> [EXERCISE GOAL]: In the entries that follow, repeat exactly the lines from the one that has "Water Kayaking Jacket" through the one that has "Studio Ghibli Kiki's", but omit pictures.

=== SOURCE DATA ===

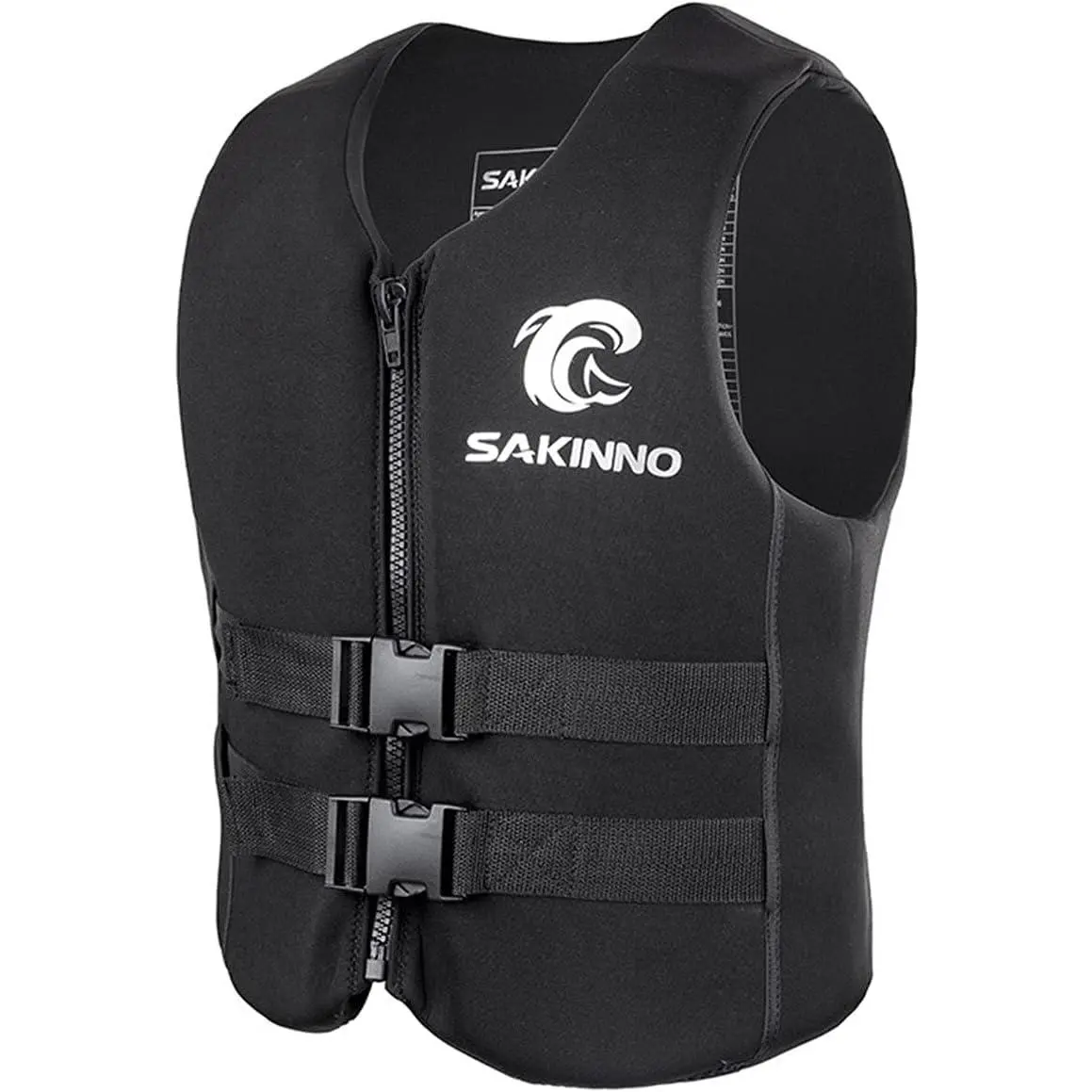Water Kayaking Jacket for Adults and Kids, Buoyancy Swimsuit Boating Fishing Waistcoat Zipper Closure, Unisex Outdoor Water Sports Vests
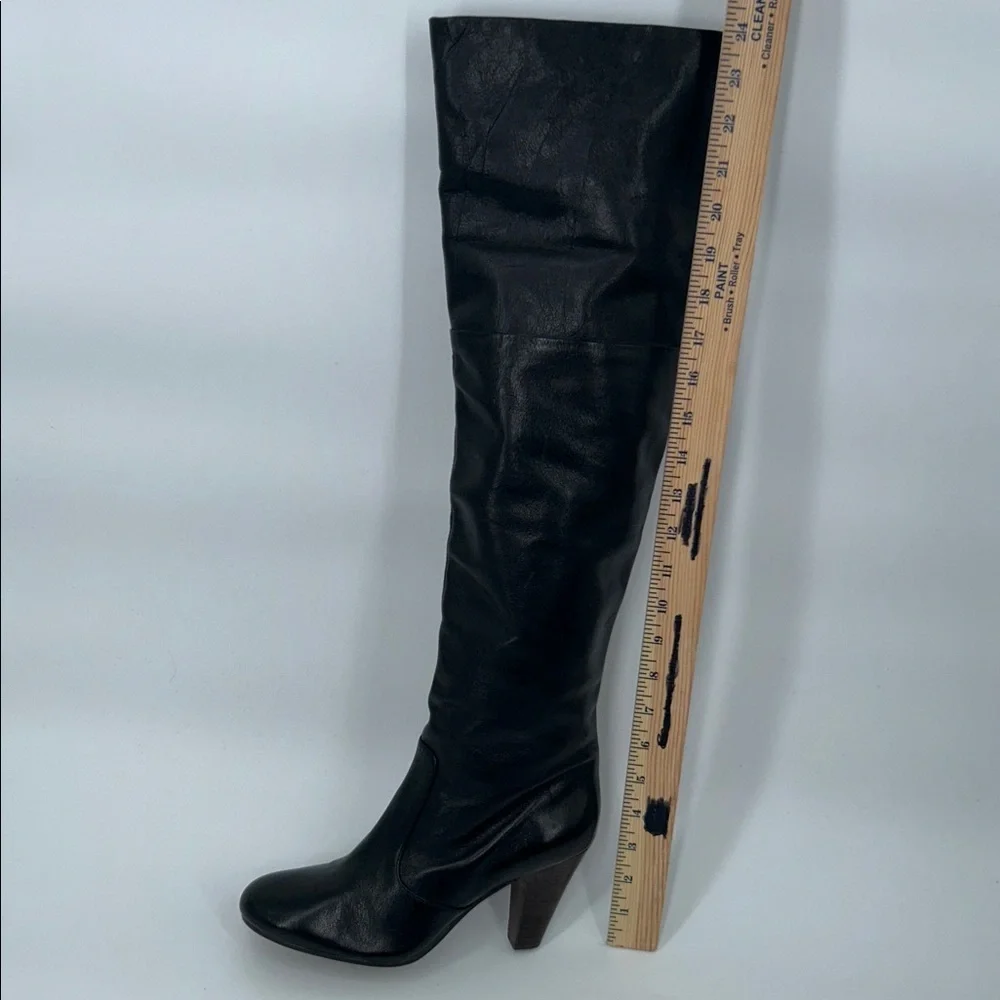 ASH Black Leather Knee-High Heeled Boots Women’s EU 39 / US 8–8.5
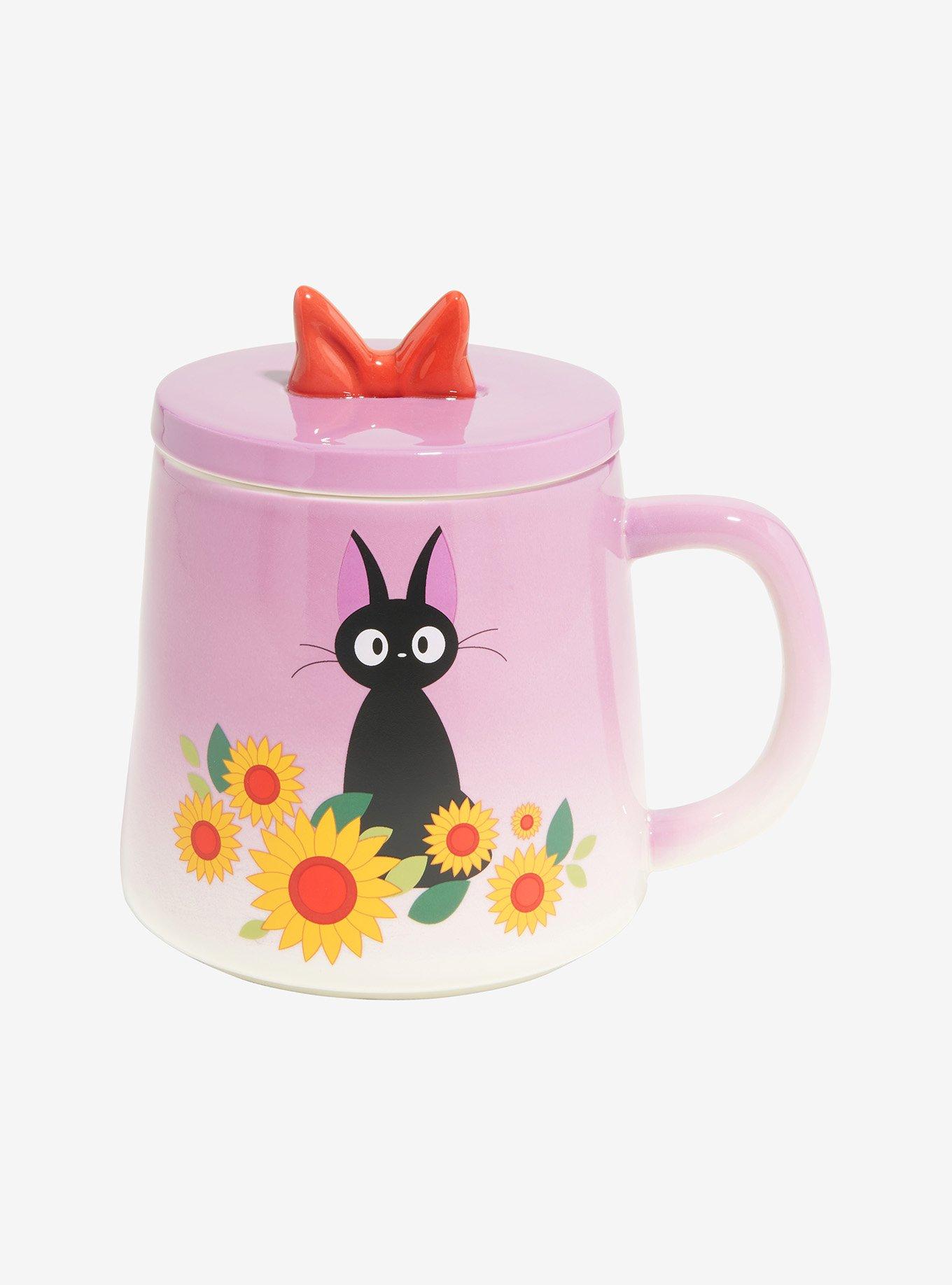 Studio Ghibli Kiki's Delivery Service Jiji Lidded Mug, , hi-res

===
=== SOURCE DATA ===

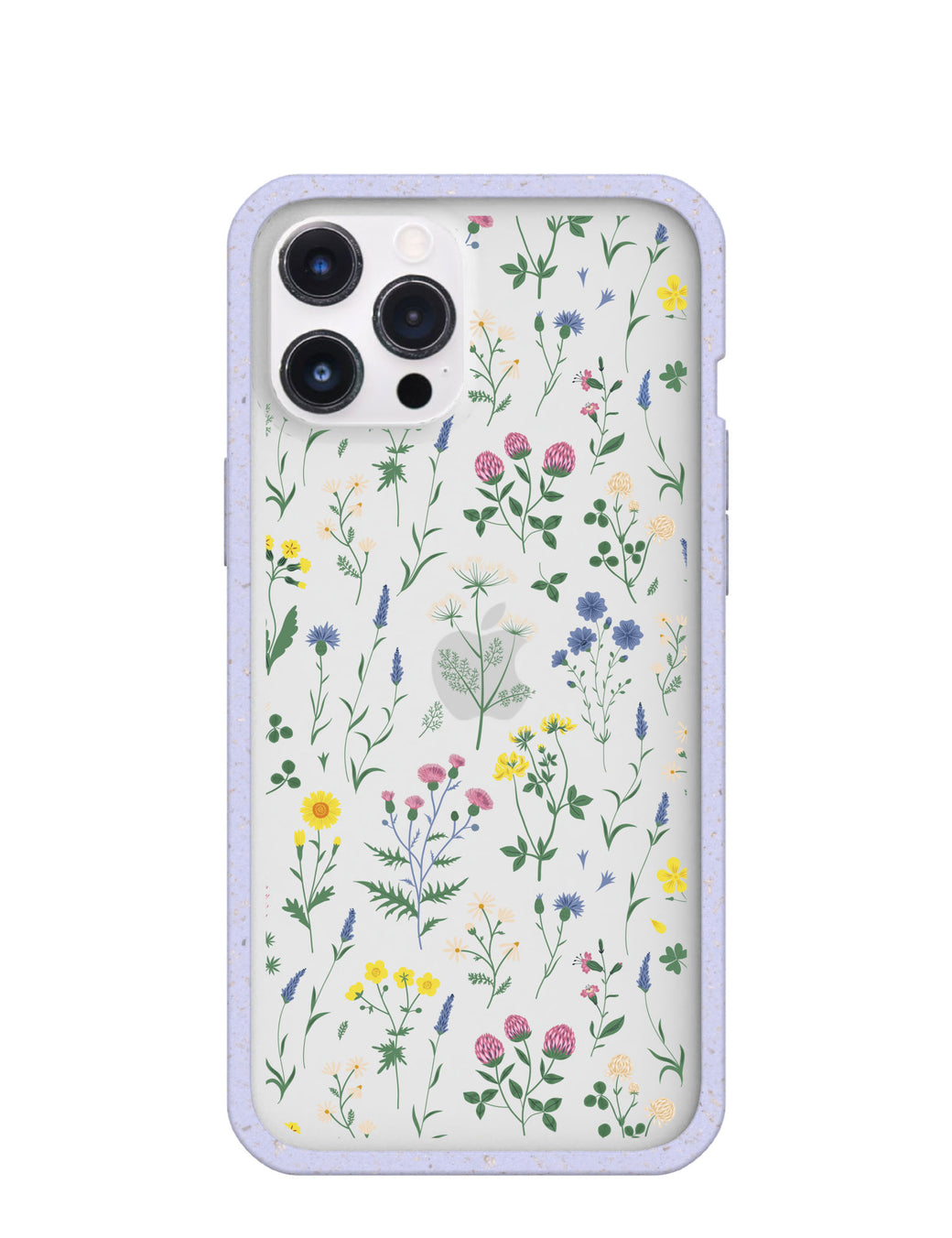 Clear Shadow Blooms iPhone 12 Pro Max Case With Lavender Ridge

===

> [RESULT OF THIS TASK]:
Water Kayaking Jacket for Adults and Kids, Buoyancy Swimsuit Boating Fishing Waistcoat Zipper Closure, Unisex Outdoor Water Sports Vests
 ASH Black Leather Knee-High Heeled Boots Women’s EU 39 / US 8–8.5
 Studio Ghibli Kiki's Delivery Service Jiji Lidded Mug, , hi-res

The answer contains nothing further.